New public exchange program enrollment rules could give sick people an extra incentive to move to states that expanded Medicaid.

Beth Deines, a legal analyst at Connect for Health Colorado, has shown why that might be the case in a summary of the new special enrollment period (SEP) guidance from the Centers for Medicare & Medicaid Services (CMS).

CMS has tried to fight SEP abuse by imposing new restrictions on consumers who move from one exchange market to another exchange market.

Under the old rules, which are still in effect today, any consumers who move from one exchange market area to another can sign up for exchange plan coverage at their new address, whether or not they have ever had any health coverage before.

Starting July 11, new rules will apply to most people who move during the exchange nap period and want to buy exchange plan coverage at the new address using a SEP. To qualify for a SEP, those people will have to show that they had “minimum essential coverage” (MEC) — major medical coverage — for at least one day in the 60-day period before they moved.
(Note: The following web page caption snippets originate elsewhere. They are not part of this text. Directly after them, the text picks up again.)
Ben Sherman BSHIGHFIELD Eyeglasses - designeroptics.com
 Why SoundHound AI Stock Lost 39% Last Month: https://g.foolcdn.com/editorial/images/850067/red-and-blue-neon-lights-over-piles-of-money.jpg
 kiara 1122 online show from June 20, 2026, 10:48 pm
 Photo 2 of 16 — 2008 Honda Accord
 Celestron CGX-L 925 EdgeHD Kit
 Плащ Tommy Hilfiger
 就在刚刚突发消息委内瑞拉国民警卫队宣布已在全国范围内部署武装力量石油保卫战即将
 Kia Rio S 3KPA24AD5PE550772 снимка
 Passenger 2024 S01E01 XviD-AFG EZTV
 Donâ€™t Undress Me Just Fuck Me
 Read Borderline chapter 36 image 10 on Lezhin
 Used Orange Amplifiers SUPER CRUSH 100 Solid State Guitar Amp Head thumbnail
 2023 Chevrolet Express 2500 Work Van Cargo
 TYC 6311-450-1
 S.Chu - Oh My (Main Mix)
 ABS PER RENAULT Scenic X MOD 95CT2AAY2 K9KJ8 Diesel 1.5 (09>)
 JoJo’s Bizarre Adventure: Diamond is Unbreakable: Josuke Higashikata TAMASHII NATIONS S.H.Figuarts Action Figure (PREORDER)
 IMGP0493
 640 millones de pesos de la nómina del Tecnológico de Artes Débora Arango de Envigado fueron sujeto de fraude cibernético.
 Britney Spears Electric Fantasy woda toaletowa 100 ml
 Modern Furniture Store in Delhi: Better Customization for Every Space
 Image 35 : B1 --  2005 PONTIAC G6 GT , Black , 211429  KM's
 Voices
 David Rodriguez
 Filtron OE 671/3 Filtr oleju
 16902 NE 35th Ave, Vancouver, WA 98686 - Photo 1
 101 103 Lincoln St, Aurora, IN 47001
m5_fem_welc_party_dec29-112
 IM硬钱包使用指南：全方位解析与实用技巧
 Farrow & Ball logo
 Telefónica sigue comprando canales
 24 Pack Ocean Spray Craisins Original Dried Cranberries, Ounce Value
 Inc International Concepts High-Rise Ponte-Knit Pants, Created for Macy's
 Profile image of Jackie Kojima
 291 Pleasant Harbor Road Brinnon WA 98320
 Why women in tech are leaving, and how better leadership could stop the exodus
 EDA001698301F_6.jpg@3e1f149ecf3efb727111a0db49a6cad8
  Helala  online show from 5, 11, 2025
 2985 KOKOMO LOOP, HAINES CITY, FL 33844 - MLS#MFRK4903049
Deines told the board of Connect for Health Colorado, a state-based PPACA exchange, that there are three exceptions to the prior-coverage requirement.

One is for people who were incarcerated before they moved, and another is for people who moved to the United States from another country.

The third is for the low-income and moderate-income people who are moving from a non-Medicaid expansion state to a Medicaid expansion state and are newly eligible for the PPACA advance premium tax credit (APTC) subsidy program.

Those people “will still have the ability to access an SEP even if they were not previously enrolled in MEC,” Deines writes.

The exception could be helpful to uninsured people who live in a non-Medicaid-expansion state and fail to qualify for APTC help. If those people fall ill outside of the open enrollment period, they may still be able to get exchange plan coverage quickly, by moving to a state that has expanded Medicaid.

Regulators set up the open enrollment period system to protect insurers against the effects of the PPACA underwriting rules, and benefits mandates took effect in January 2014.

To give healthy consumers some incentive to pay for coverage when they are feeling good, insurers let consumers sign up for individual commercial coverage on a true guaranteed-issue basis only from Nov. 1 through Jan. 31.

Consumers who buy coverage the rest of the year are supposed to show they qualify for a SEP, because they have gone through a major life change or face a serious, unusual problem. Consumers who are uninsured outside of the open enrollment period and fail to qualify for a SEP could get stuck with having to pay big medical bills out of their own pockets.

Insurers have complained that some consumers have been abusing the SEP system, by buying coverage outside the open enrollment period without showing that they really qualify for SEPs.

CMS updated the SEP rules in an effort to tighten the rules for some types of SEPs and to beef up documentation requirements.